The studios felt alive. Students painted as I wandered between the cubicles, the air carrying the smell of wood, coffee, turpentine and oil paint. I looked from left to right, taking everything in.

Then I looked to my right and saw her paintings.

Before I really knew Melanie, I knew her work.

The paintings seemed to shimmer in the light. Reds, pinks and whites glowed from the canvases. They were bright, vibrant and inviting. I stepped closer and spent time with them. Even then, I had the feeling that there was something there. Not a finished language, but the beginnings of one. The paintings hinted at a world still in the process of being discovered.

Not long afterwards, I met Melanie, and over the next three years I repeatedly found myself drawn back to her work at the Academy of Fine Arts Vienna. With each visit, the paintings grew more assured. Her technical ability deepened, and the world within them became increasingly distinct and recognisably her own. The universe that had only been hinted at during that first encounter was slowly revealing itself.

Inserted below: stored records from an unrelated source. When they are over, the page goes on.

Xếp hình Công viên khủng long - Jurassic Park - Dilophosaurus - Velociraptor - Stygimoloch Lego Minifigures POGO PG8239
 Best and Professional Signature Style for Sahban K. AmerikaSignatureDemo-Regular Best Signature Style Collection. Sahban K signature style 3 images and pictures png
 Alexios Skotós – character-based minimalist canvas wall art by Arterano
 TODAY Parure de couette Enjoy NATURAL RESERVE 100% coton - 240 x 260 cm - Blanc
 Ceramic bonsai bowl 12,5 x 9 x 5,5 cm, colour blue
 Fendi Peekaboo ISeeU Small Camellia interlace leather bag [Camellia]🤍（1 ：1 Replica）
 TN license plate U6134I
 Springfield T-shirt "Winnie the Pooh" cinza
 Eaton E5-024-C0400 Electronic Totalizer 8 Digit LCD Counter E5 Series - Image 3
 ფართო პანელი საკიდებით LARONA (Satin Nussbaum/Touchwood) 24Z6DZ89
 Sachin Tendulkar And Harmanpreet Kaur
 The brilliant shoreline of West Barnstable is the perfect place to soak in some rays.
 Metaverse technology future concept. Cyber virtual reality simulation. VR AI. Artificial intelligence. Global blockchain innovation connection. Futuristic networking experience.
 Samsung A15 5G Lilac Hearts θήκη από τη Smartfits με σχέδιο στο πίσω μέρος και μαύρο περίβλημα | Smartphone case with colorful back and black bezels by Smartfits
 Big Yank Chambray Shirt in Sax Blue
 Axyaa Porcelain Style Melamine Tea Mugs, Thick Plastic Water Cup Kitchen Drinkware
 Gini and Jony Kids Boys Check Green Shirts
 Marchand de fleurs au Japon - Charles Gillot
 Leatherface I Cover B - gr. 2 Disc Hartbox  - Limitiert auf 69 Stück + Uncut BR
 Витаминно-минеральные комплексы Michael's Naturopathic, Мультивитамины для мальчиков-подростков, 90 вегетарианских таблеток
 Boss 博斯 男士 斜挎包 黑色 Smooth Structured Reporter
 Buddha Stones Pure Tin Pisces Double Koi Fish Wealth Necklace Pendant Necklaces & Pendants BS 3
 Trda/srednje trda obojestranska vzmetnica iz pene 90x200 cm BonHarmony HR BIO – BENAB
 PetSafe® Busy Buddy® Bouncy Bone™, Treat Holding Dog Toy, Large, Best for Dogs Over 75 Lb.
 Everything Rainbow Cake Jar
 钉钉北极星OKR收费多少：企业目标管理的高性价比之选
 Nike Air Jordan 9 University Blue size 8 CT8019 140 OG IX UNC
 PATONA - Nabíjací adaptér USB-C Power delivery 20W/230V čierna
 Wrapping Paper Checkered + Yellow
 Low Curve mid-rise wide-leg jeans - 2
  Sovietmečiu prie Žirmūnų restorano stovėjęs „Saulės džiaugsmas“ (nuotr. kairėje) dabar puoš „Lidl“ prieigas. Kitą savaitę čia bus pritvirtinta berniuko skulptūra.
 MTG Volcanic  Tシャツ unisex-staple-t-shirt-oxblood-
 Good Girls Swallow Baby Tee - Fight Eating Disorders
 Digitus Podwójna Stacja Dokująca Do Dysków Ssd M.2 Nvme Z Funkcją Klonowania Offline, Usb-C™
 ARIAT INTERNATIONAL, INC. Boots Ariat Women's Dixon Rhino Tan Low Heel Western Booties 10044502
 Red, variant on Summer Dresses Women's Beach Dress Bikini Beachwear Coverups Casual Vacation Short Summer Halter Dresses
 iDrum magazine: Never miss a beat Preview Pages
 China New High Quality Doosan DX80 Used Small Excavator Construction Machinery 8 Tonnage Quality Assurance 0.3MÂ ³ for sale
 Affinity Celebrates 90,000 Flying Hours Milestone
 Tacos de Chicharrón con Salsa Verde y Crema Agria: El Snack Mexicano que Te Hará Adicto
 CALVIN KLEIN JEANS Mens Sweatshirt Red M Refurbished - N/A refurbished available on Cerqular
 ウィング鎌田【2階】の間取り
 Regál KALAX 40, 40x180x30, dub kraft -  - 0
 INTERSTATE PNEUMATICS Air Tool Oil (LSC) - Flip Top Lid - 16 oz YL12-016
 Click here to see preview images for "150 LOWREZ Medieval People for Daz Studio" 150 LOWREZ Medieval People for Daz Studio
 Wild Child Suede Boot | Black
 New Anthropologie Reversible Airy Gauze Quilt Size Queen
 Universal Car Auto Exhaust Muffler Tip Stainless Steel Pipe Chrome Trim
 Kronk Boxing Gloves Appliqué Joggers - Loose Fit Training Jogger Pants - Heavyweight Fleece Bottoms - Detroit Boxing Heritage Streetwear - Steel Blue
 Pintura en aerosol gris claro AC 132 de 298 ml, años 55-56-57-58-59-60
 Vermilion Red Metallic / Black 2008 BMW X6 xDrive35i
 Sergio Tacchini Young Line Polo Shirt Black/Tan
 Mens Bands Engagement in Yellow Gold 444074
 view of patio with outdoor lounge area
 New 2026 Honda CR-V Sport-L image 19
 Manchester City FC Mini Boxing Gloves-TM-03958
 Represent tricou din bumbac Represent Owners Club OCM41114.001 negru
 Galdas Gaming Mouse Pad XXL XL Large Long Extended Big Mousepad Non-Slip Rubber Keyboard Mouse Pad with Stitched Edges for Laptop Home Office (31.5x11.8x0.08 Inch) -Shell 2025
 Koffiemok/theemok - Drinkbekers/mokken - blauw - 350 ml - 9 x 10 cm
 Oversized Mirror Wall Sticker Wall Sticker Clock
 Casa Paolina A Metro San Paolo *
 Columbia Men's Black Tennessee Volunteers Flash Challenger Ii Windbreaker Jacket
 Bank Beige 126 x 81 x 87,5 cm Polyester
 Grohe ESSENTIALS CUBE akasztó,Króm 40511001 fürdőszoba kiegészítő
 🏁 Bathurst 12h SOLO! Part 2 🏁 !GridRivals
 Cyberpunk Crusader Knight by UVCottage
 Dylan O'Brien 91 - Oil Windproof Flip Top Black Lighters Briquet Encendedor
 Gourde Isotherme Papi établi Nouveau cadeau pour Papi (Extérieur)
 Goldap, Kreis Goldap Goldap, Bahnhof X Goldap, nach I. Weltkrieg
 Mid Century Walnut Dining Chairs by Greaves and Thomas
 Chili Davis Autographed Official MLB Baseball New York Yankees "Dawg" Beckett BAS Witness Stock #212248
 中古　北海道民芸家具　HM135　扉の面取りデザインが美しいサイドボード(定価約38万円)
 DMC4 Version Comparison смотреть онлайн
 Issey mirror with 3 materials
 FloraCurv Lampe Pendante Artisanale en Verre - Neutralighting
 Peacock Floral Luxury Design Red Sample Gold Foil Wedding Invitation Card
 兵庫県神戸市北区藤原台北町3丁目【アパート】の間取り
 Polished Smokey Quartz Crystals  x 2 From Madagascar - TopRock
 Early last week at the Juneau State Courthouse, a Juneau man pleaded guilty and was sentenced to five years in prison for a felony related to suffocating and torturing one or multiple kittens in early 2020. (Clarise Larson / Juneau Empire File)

People would often tell me that Melanie came from a magical place in Austria, high in the mountains of the Tyrolean Alps. “It’s very special there,” they would say. “Almost magical.” As I continued to follow her work and get to know her, I became increasingly curious about the relationship between that landscape and her paintings. There seemed to be traces of another world running through them: forests, mountains, animals, mythology and memory.

Now, as Melanie graduates from the Academy of Fine Arts Vienna in 2026, three years after I first encountered her work in its studios, it feels like the right moment to sit down with her and speak about her practice, her upbringing, and how the landscapes of her childhood continue to shape the universe she is building through painting.

Melanie Theoni by Brynley Odu Davies

How’s your day been today?
Melanie: Currently, I’m sitting in the car on my way back to Vienna from Tyrol. I am listening to a podcast about Werner Herzog and why he is not so well known in Germany/Austria. It’s always hard to say goodbye to my family, our dog and the nature. So I feel a bit Melancholic, I think Werner Herzog is really fitting the theme.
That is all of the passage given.